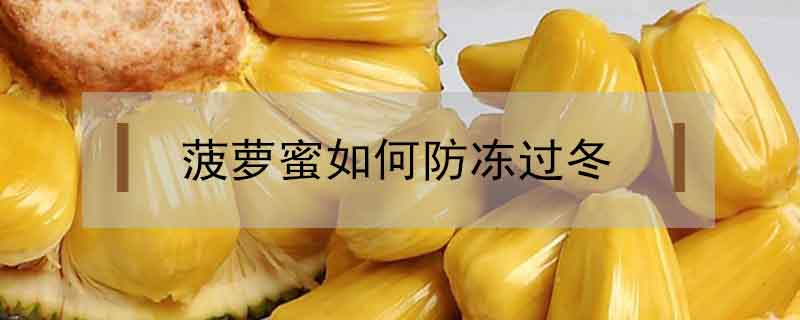 菠蘿蜜如何防凍過(guò)冬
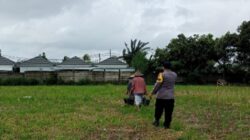 Ketahanan Pangan di Karang Bongkot Memanfaatkan Pekarangan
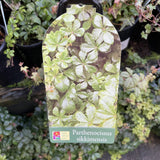 PARTHENOCISSUS SIKKIMENSIS 20CM 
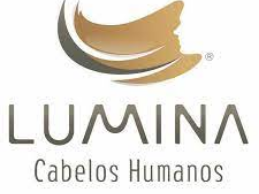 lumina logo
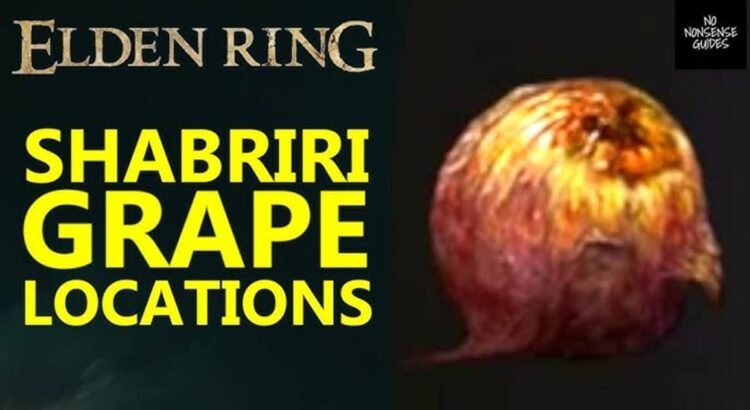 Fingerprint Grape Elden Ring: Lokasi & Kegunaannya!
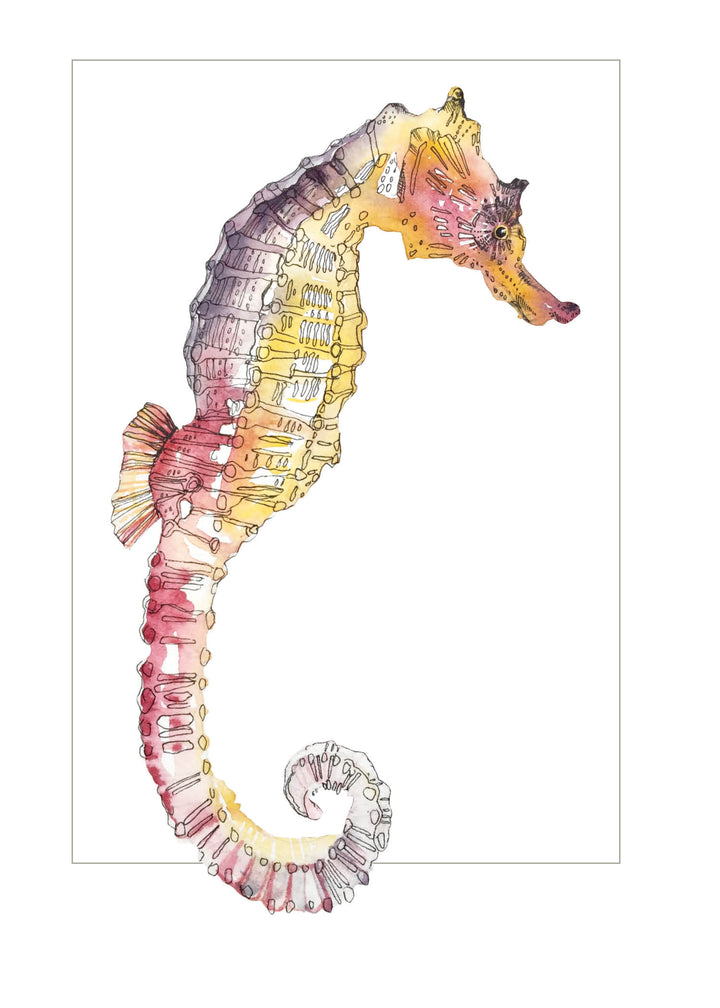 "Pacific Seahorse" Greeting Card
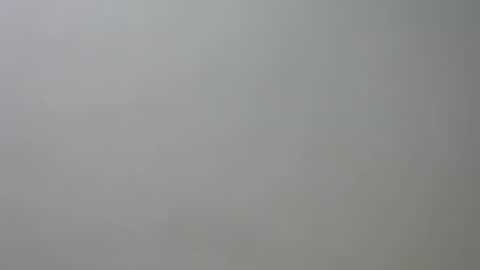 Snapshot of curvylizy chatting on 06.24.26 liz online show from 06.24.26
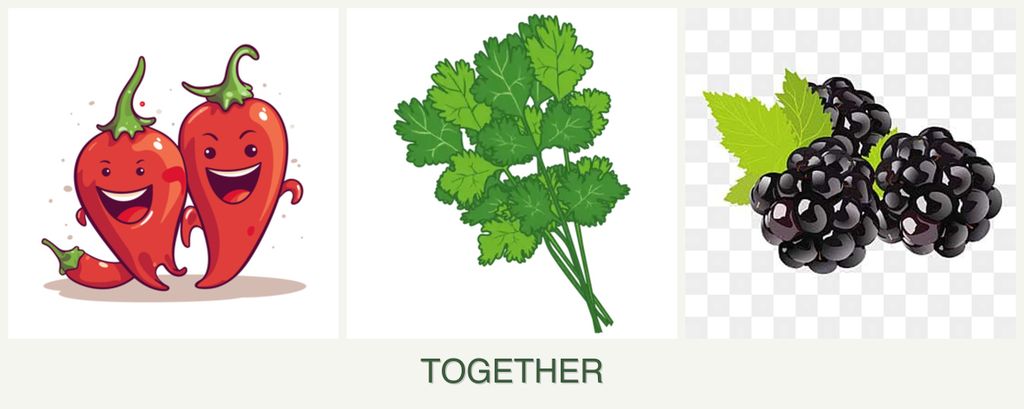 Can you plant peppers, cilantro and blackberries together?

EXERCISE DESCRIPTION → Repeat the listing verbatim. Skip the pictures.

EXERCISE RESULT →
 菠蘿蜜如何防凍過(guò)冬
 Ketahanan Pangan di Karang Bongkot Memanfaatkan Pekarangan
 PARTHENOCISSUS SIKKIMENSIS 20CM 
 lumina logo
 Fingerprint Grape Elden Ring: Lokasi & Kegunaannya!
 "Pacific Seahorse" Greeting Card
 Snapshot of curvylizy chatting on 06.24.26 liz online show from 06.24.26
 Can you plant peppers, cilantro and blackberries together?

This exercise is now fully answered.